Data records –
····················

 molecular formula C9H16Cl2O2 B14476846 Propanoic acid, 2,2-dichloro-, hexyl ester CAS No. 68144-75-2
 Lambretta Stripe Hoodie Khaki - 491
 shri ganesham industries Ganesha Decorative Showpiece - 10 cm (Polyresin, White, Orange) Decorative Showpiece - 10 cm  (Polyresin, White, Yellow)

····················

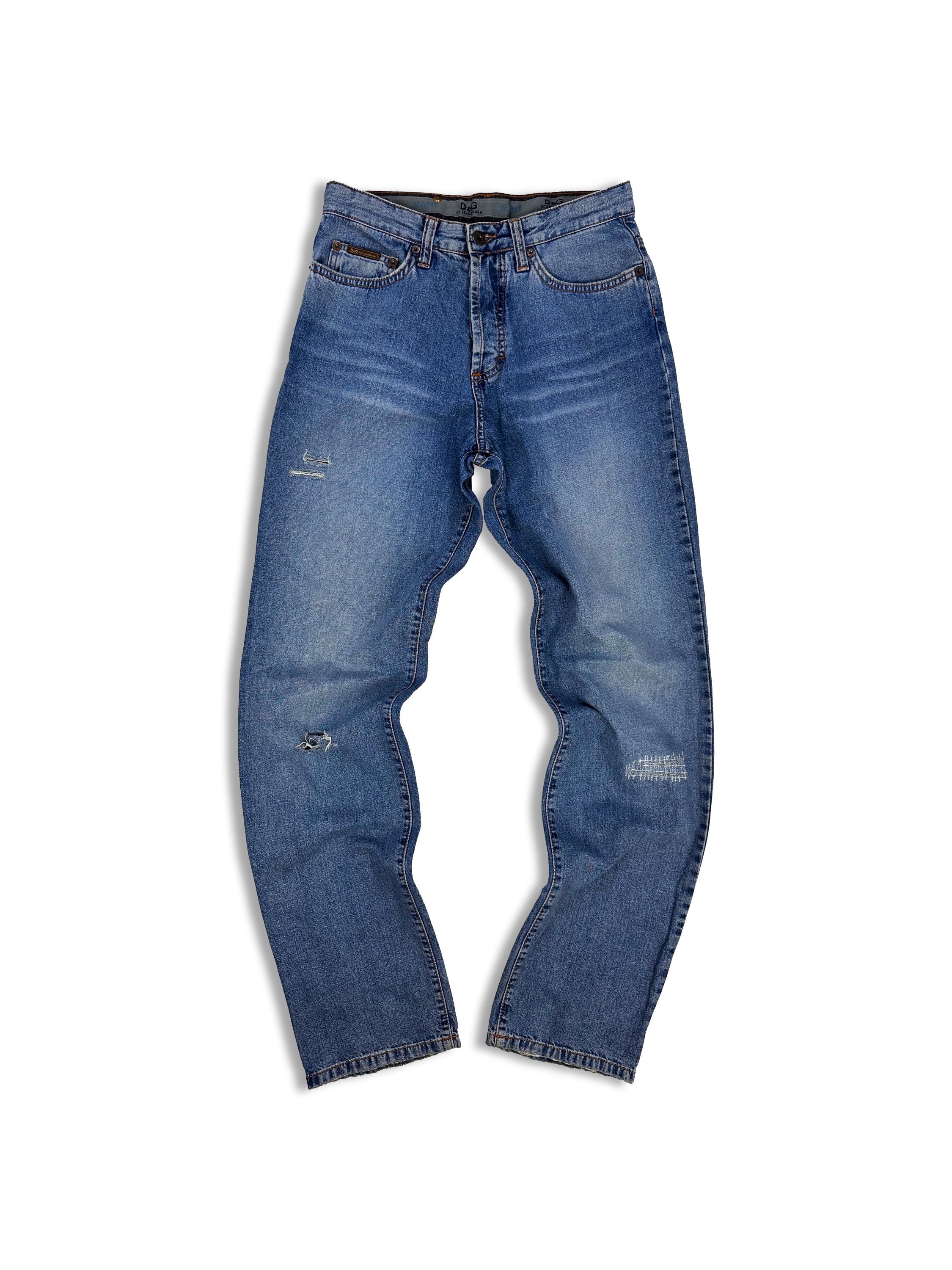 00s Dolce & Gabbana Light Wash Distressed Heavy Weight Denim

····················

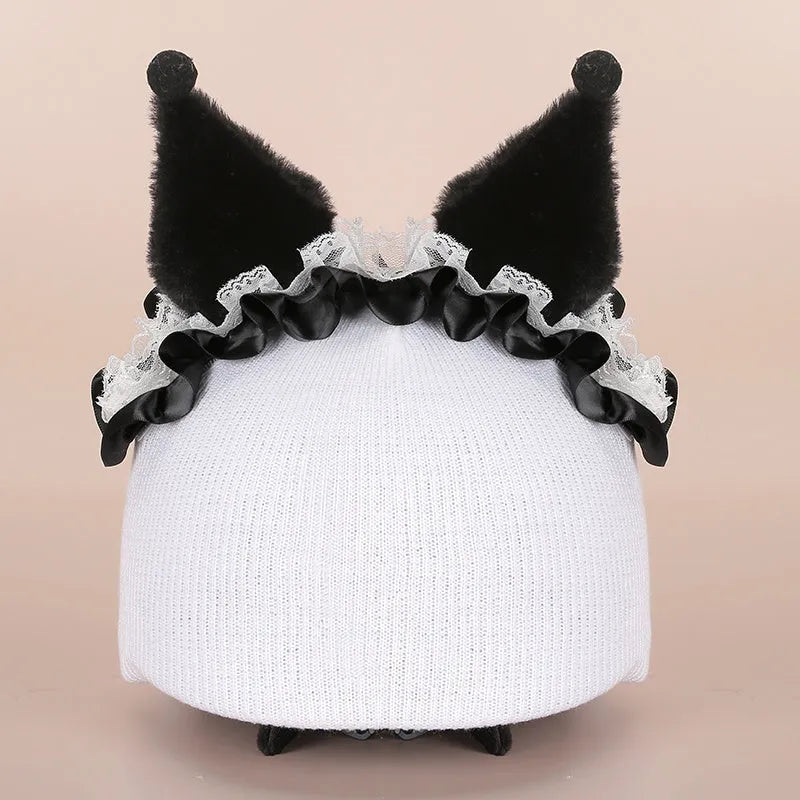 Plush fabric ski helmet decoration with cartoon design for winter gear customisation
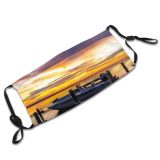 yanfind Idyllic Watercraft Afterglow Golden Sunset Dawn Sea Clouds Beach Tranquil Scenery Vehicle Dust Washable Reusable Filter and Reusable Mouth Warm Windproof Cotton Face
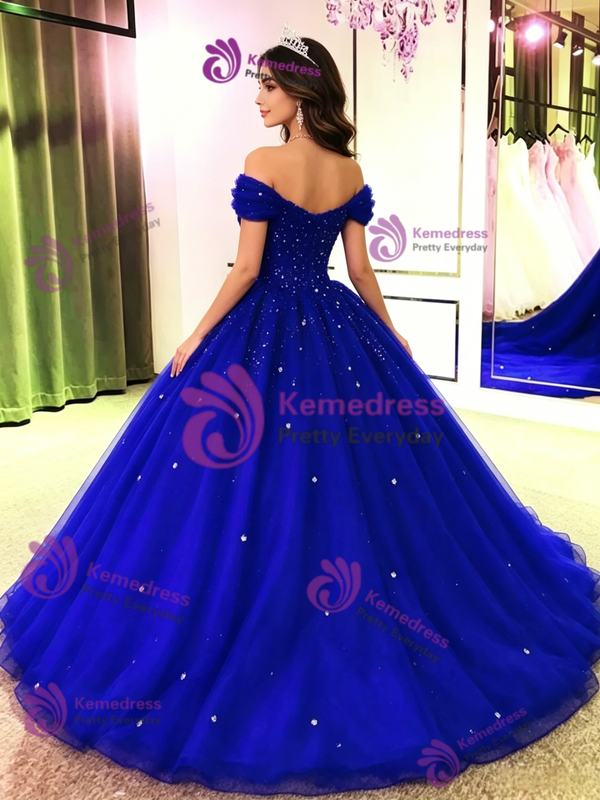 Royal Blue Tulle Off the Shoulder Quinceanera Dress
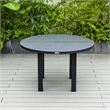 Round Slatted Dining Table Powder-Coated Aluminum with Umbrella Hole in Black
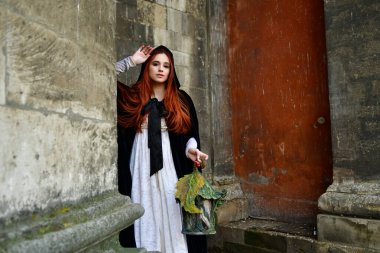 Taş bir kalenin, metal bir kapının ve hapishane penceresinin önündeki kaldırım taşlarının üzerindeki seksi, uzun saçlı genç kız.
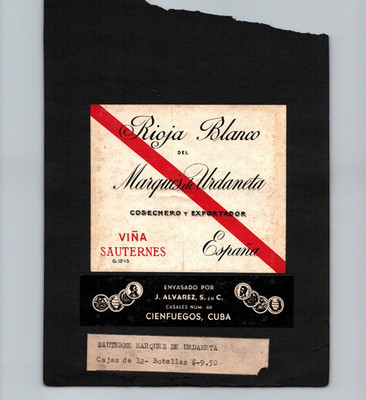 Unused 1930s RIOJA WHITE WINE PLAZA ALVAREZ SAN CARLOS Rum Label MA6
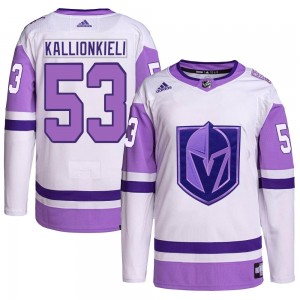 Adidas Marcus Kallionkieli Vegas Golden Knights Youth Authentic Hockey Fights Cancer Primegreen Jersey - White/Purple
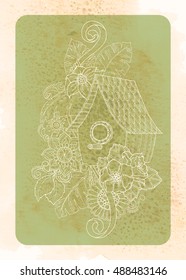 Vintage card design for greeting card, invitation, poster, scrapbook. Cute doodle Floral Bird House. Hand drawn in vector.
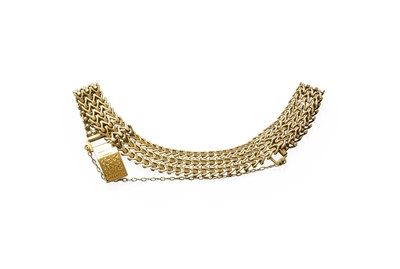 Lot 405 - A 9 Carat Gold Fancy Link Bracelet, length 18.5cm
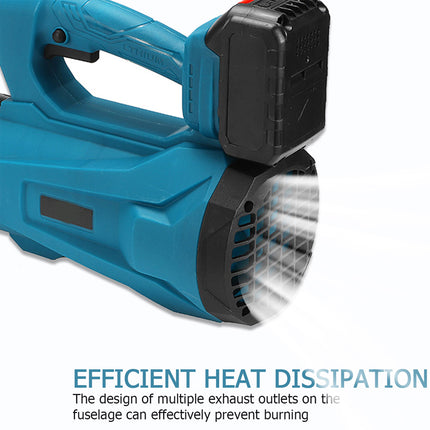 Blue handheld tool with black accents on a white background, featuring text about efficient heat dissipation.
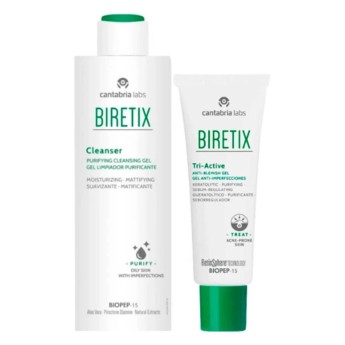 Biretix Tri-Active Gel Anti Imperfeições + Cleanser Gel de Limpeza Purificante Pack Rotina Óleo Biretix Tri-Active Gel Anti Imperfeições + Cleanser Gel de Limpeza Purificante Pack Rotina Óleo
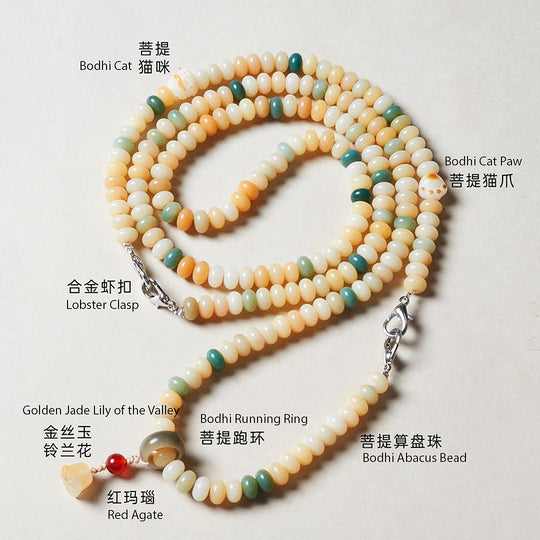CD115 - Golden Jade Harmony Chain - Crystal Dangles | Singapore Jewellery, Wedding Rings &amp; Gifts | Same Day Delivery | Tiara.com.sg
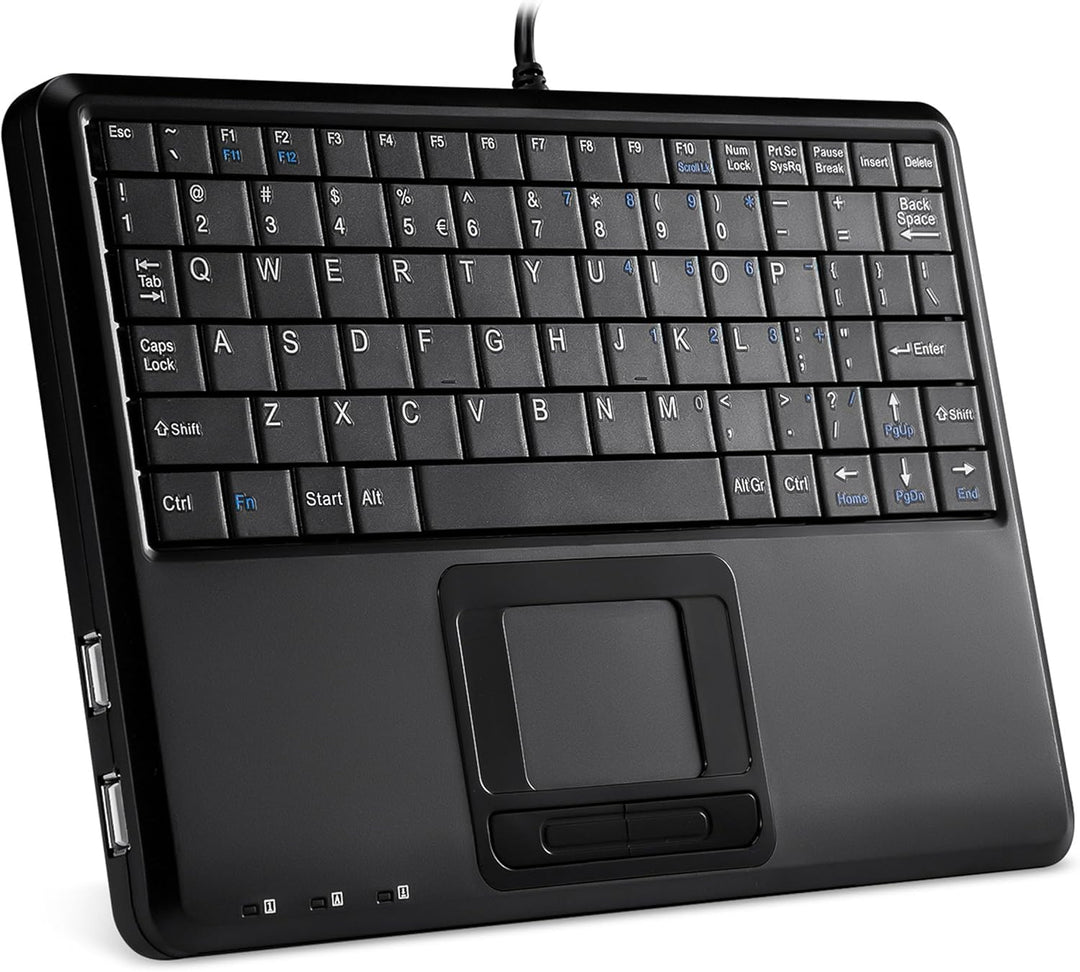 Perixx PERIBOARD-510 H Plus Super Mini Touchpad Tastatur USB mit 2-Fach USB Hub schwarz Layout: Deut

····················

What the exercise asks –
Print, exactly and with no pictures, the lines of the listing above starting at the one that has "yanfind Idyllic Watercraft" and ending at the one that has "Perixx PERIBOARD-510 H", both included.

Solution to the problem –
 yanfind Idyllic Watercraft Afterglow Golden Sunset Dawn Sea Clouds Beach Tranquil Scenery Vehicle Dust Washable Reusable Filter and Reusable Mouth Warm Windproof Cotton Face
 Royal Blue Tulle Off the Shoulder Quinceanera Dress
 Round Slatted Dining Table Powder-Coated Aluminum with Umbrella Hole in Black
 Taş bir kalenin, metal bir kapının ve hapishane penceresinin önündeki kaldırım taşlarının üzerindeki seksi, uzun saçlı genç kız.
 Unused 1930s RIOJA WHITE WINE PLAZA ALVAREZ SAN CARLOS Rum Label MA6
 Adidas Marcus Kallionkieli Vegas Golden Knights Youth Authentic Hockey Fights Cancer Primegreen Jersey - White/Purple
 Vintage card design for greeting card, invitation, poster, scrapbook. Cute doodle Floral Bird House. Hand drawn in vector.
 Lot 405 - A 9 Carat Gold Fancy Link Bracelet, length 18.5cm
 Blue handheld tool with black accents on a white background, featuring text about efficient heat dissipation.
 Biretix Tri-Active Gel Anti Imperfeições + Cleanser Gel de Limpeza Purificante Pack Rotina Óleo Biretix Tri-Active Gel Anti Imperfeições + Cleanser Gel de Limpeza Purificante Pack Rotina Óleo
CD115 - Golden Jade Harmony Chain - Crystal Dangles | Singapore Jewellery, Wedding Rings &amp; Gifts | Same Day Delivery | Tiara.com.sg
 Perixx PERIBOARD-510 H Plus Super Mini Touchpad Tastatur USB mit 2-Fach USB Hub schwarz Layout: Deut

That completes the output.